» **Aim of the exercise**
Return the lines of the listing below exactly as they appear, beginning at the one with "Each character in" and stopping after the one with "It's preparing the"; do not include pictures.

» **Available records**

_ _ _ _ _

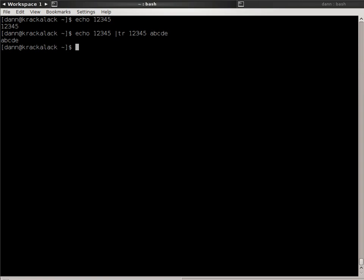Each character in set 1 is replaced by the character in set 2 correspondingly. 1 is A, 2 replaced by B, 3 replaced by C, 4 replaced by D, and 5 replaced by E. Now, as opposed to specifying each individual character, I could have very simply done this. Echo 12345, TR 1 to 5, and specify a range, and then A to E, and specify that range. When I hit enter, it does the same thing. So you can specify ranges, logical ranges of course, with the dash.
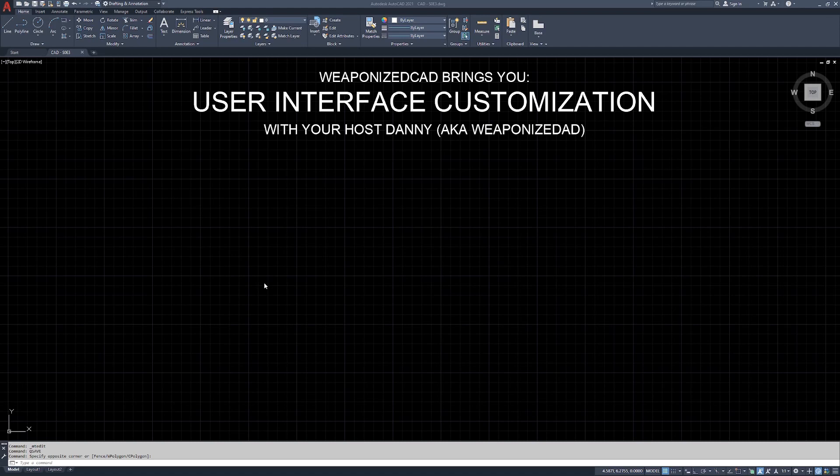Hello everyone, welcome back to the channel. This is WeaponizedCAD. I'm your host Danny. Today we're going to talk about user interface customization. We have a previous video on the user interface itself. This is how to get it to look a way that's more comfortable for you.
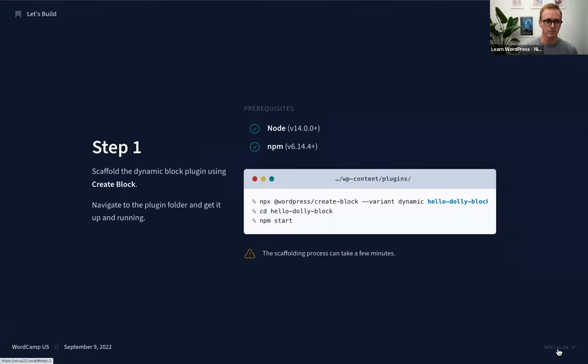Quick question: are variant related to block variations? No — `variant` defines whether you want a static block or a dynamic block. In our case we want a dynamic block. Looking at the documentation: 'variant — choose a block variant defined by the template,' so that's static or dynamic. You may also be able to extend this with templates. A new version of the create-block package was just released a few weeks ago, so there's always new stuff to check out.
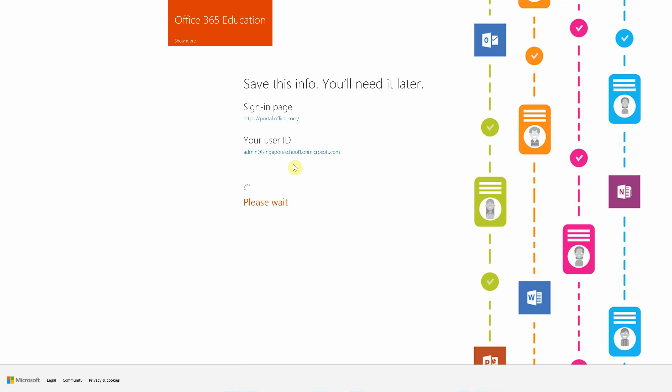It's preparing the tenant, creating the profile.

_ _ _ _ _

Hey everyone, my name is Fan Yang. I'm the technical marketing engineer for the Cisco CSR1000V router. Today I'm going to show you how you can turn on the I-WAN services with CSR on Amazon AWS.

_ _ _ _ _

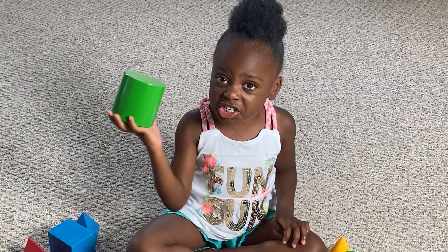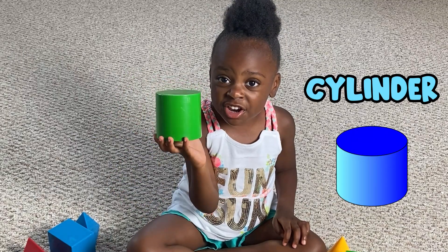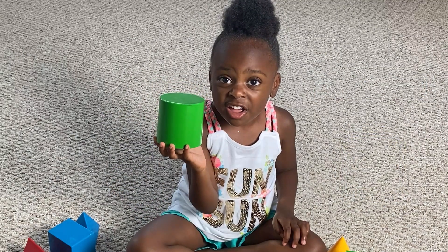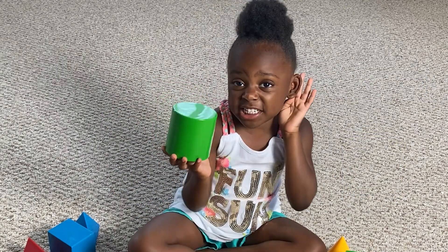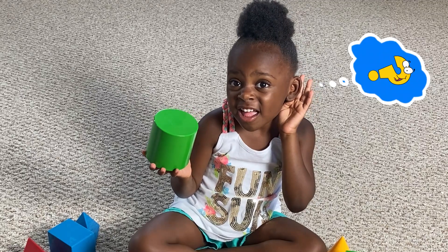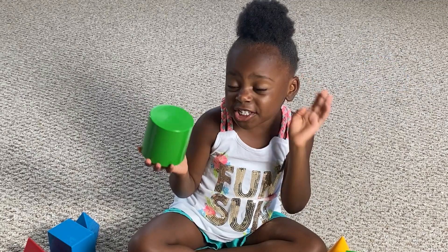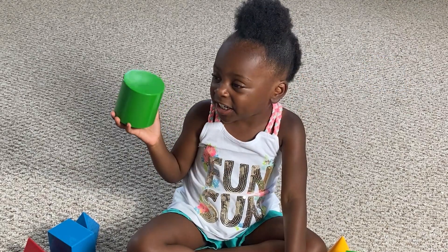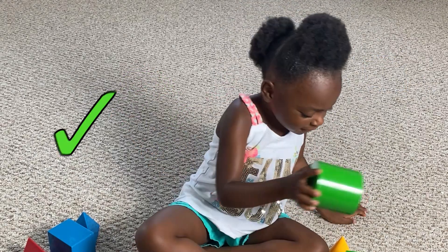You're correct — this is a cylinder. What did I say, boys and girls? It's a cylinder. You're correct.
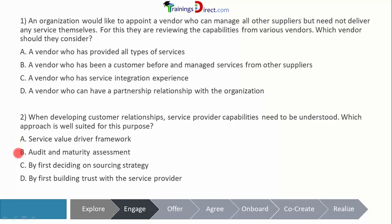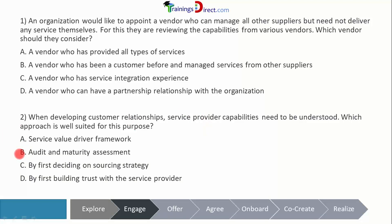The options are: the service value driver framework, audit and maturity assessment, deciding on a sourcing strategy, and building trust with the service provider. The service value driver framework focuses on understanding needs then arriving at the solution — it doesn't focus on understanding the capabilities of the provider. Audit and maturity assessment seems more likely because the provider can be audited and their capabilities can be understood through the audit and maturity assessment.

_ _ _ _ _

» **Written answer**
Each character in set 1 is replaced by the character in set 2 correspondingly. 1 is A, 2 replaced by B, 3 replaced by C, 4 replaced by D, and 5 replaced by E. Now, as opposed to specifying each individual character, I could have very simply done this. Echo 12345, TR 1 to 5, and specify a range, and then A to E, and specify that range. When I hit enter, it does the same thing. So you can specify ranges, logical ranges of course, with the dash.
Hello everyone, welcome back to the channel. This is WeaponizedCAD. I'm your host Danny. Today we're going to talk about user interface customization. We have a previous video on the user interface itself. This is how to get it to look a way that's more comfortable for you.
Quick question: are variant related to block variations? No — `variant` defines whether you want a static block or a dynamic block. In our case we want a dynamic block. Looking at the documentation: 'variant — choose a block variant defined by the template,' so that's static or dynamic. You may also be able to extend this with templates. A new version of the create-block package was just released a few weeks ago, so there's always new stuff to check out.
It's preparing the tenant, creating the profile.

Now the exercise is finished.